To review this process, please see page xyz.
/ At this point the investigator formally opens a safety event file and gives the file a unique number. If this event has Transport Canada or Transportation Safety Board participation or involvement, those file numbers should be ascertained from the respective agencies and documented in the file for cross reference purposes.
/ When conducting an investigation, senior management (Accountable Executive or his/her delegate) should be informed as soon as possible of the preliminary data. This can be done in person or via telephone or email. This is especially critical if preliminary data indicates possible serious repercussions for the company in the areas of operations, finances or legal. You may decide to have a time frame for the initial report such as 24 or 48 hours.

Phase 3 Investigation

/ Interviews should be conducted as soon as possible with all parties directly involved in the incident. The focus needs to be on determining the root cause of the event and not to establish punishment. Therefore some items that the company should keep in mind are as follows:
  • investigator should not be involved in the company disciplinary process.

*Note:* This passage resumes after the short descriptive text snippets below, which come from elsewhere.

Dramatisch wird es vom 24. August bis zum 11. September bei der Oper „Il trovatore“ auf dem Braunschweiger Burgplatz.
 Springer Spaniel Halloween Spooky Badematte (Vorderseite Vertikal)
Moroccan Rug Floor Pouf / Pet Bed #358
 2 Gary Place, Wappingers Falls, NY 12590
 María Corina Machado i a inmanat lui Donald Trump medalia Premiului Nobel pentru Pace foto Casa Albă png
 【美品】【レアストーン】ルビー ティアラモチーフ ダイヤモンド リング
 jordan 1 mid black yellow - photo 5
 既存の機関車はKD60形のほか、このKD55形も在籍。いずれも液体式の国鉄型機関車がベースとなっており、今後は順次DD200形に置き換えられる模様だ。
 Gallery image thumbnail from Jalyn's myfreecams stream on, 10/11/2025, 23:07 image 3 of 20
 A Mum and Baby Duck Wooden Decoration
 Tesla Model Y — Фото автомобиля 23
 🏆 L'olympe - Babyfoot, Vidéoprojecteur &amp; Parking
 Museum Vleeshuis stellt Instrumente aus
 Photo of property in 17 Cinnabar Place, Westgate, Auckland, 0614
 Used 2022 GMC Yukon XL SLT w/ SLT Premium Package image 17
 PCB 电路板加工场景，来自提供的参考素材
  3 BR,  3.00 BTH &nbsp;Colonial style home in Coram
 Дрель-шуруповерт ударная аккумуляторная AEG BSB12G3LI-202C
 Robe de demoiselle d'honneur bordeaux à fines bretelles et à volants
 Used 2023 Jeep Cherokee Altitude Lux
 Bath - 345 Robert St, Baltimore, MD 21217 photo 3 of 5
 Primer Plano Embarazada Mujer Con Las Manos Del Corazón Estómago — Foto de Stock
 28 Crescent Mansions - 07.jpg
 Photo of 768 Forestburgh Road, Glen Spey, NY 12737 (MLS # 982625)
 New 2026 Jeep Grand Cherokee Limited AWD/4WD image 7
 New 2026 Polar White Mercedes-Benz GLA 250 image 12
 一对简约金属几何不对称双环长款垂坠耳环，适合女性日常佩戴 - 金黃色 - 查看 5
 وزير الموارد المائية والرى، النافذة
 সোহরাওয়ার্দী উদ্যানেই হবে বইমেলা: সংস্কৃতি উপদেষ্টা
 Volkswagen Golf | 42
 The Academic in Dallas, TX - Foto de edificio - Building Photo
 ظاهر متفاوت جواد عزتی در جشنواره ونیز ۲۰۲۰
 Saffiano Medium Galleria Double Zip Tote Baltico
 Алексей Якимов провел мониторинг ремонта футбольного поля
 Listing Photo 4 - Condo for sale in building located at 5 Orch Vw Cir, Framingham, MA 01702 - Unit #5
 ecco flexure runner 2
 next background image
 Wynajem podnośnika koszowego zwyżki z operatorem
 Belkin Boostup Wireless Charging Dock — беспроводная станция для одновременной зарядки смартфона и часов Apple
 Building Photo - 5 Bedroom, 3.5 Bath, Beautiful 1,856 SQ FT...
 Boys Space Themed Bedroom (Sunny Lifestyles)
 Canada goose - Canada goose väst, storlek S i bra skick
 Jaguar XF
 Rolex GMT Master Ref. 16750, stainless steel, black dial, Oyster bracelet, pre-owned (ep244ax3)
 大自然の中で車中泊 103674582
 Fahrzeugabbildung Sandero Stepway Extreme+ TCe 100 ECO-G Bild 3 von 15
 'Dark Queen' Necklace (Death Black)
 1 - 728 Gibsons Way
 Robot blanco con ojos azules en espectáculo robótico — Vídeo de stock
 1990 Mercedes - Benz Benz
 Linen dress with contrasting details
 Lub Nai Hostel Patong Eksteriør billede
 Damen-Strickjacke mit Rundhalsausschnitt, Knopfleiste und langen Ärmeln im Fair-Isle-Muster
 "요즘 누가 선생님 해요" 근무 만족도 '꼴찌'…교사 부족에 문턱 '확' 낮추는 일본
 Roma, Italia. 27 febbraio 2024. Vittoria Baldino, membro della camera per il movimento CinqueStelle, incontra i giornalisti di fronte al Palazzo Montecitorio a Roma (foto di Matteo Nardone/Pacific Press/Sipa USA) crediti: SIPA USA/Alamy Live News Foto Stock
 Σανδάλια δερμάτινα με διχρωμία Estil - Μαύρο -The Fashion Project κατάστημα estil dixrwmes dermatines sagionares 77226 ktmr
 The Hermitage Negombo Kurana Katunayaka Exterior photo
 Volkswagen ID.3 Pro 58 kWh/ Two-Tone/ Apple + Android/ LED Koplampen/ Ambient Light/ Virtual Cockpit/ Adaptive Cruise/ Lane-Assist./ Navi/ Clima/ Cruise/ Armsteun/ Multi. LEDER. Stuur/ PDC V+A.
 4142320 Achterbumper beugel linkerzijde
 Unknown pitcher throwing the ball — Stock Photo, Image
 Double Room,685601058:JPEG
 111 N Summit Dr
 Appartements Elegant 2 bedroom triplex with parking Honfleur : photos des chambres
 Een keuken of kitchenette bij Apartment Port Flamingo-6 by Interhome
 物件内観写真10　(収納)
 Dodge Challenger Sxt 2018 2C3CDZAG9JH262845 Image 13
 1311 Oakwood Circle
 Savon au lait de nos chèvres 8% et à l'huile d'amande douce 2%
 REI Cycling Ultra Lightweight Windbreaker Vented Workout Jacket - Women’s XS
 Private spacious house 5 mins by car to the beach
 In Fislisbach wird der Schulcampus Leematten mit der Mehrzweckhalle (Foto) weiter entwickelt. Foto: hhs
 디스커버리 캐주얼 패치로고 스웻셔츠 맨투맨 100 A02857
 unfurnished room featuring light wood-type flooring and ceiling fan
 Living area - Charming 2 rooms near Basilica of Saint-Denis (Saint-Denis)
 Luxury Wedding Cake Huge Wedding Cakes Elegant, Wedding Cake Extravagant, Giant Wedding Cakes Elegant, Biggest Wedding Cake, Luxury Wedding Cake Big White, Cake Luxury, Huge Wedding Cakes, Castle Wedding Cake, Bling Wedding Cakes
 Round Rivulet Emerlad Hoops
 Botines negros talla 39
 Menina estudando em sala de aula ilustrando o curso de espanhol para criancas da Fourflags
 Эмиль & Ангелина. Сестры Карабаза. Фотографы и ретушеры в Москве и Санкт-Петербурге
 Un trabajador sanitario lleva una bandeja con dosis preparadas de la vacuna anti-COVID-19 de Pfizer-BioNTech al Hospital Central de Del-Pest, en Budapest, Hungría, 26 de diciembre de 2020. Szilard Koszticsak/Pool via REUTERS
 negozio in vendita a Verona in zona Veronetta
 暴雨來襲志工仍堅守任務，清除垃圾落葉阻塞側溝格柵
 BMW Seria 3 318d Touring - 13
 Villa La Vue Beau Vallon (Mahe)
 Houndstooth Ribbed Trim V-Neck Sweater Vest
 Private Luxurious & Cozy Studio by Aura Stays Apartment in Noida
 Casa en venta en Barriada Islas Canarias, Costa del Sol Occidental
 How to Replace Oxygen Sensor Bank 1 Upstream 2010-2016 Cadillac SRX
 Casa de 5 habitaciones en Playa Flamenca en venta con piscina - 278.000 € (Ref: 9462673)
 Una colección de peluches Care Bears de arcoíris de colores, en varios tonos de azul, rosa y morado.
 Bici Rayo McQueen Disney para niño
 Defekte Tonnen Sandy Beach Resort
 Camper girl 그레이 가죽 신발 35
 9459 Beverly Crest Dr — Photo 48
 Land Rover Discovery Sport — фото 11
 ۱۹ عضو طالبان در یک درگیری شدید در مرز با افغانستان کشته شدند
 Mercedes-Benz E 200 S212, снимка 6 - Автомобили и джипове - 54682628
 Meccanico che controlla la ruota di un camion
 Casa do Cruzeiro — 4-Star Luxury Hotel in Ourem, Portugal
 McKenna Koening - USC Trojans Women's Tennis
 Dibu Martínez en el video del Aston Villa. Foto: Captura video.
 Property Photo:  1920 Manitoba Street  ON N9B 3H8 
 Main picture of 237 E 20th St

  • Company needs to clearly establish a process to establish liability for punishment and then strictly adhere to it. For an example of a culpability flow chart please see page xyz.
  • As soon as it is clearly established that disciplinary action is to be considered the file should be handed over to identified operational personnel responsible for that process.
  • Individuals being interviewed need to fully understand this process , if they do they will be more likely to participate fully whenever they know that they are not at fault.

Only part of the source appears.